FORT BEND COUNTY, Texas - Energy Secretary Rick Perry and Texas Governor Greg Abbott came to Fort Bend County on Thursday to celebrate a $1 billion project they say is slashing carbon pollution.

With the turn of a valve, Energy Secretary Perry and Gov. Abbott helped turn new energy out of an old power plant.  

Perry, back in Texas from the G-7 summit in Italy, spoke Thursday in front of a project he says is the first of its kind in the United States.

The Petra Nova project at the WA Parish Power Plant near Richmond is a key part of the country’s clean energy future, Perry said.

Perry says the project is another step toward making America not only energy independent, but energy dominant.
“It shows we don’t have to pit the environment on one side weighing and the economy on the other side,” said Perry.

NRG partnered with Japanese oil and gas company JX Nippon on the project.

Officials say it captures more than 90 percent of carbon dioxide from a gas stream off an existing coal unit at the plant. It then pipes the CO2 81 miles to an oil field in Jackson County, pushing otherwise unreachable oil to the surface.

Within a few years, NRG officials estimate the project will push production from around 300 barrels a day to up to 15,000 barrels per day.

Officials with NRG say since CO2 began flowing through the pipes in September 2016, about 5,000 tons of carbon dioxide per day have been captured, roughly the same as taking 350,000 cars off the road. 
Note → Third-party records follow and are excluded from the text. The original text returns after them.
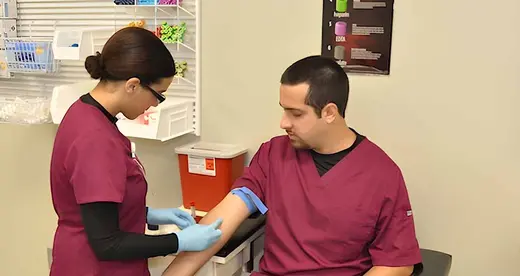 Woman drawing blood from the arm of a man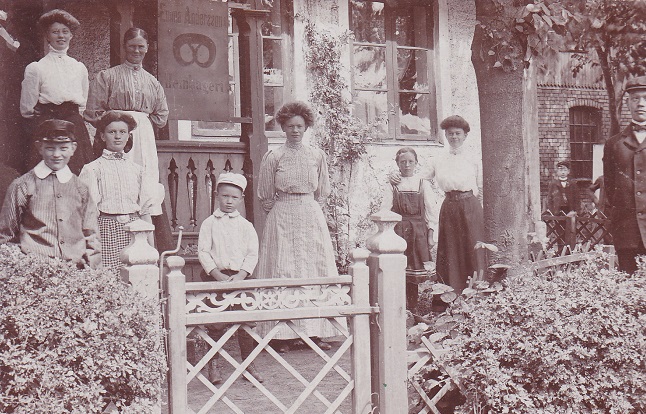 Bageriiderskan Emma Andersson, intill "Kringlan", med sin famillj. T.h. skymtar byggm. Svenssons verkstad, riven i 1910-talets f&ouml;rsta &aring;r.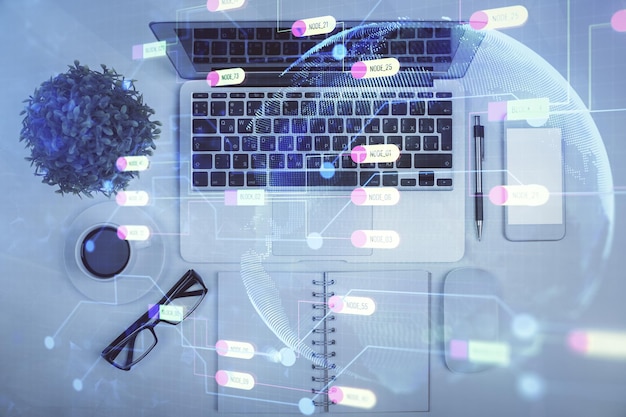 double exposure of data drawing hologram over topview of study desk background with computer concept of ai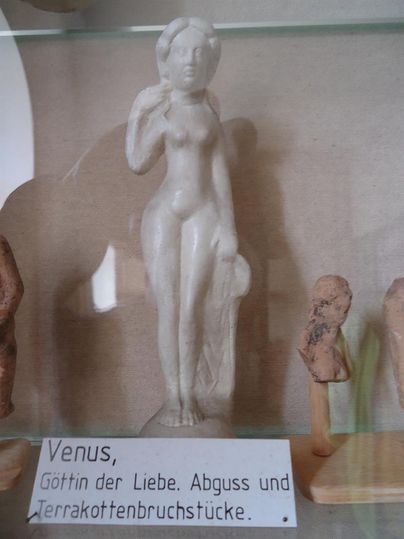 Kleine Statue der Venus, Göttin der Liebe, ausgestellt in einem Museum. Beschriftung: "Venus, Göttin der Liebe. Abguss und Terrakottenbruchstücke."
“One-hundred sixteen years after Spindle Top, Texas is once again the epicenter of energy innovation,” said Gov. Abbott.

“All told, they’re capturing about ten percent of the CO-2 from the entire plant,” said Adrian Schelley, Director of Public Citizen Texas, a nonpartisan, nonprofit advocacy group that focuses on energy, the environment, and ethics.

Schelley recently wrapped up a four-year stint as the executive director of Air Alliance Houston.
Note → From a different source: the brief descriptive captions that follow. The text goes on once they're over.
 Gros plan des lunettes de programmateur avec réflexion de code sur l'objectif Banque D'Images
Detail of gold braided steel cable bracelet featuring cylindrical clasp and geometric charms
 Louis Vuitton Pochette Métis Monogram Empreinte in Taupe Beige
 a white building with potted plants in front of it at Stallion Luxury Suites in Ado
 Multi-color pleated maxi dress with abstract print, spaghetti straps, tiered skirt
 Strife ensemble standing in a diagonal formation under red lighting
While he acknowledges limiting carbon dioxide to fight climate change is important, Schelley says this project lowers the efficiency of the plant and doesn’t remove the air pollutants that are causing health problems for Houstonians.

“If I were spending a billion dollars to clean up NRG’s WA Parish plant, I would be spending it on those pollution emissions that we know are shortening lives and harming public health today,” said Schelley. 

He says he and other environmental advocates are also skeptical that the carbon dioxide pumped into the ground will stay there.

In a fact sheet posted online, NRG officials say that any carbon dioxide that rises from the ground and is
“captured from the production well gets recycled, making CO2 emissions negligible.”

Neither Secretary Perry nor Governor Abbott took questions from the media during or after Thursday’s press event.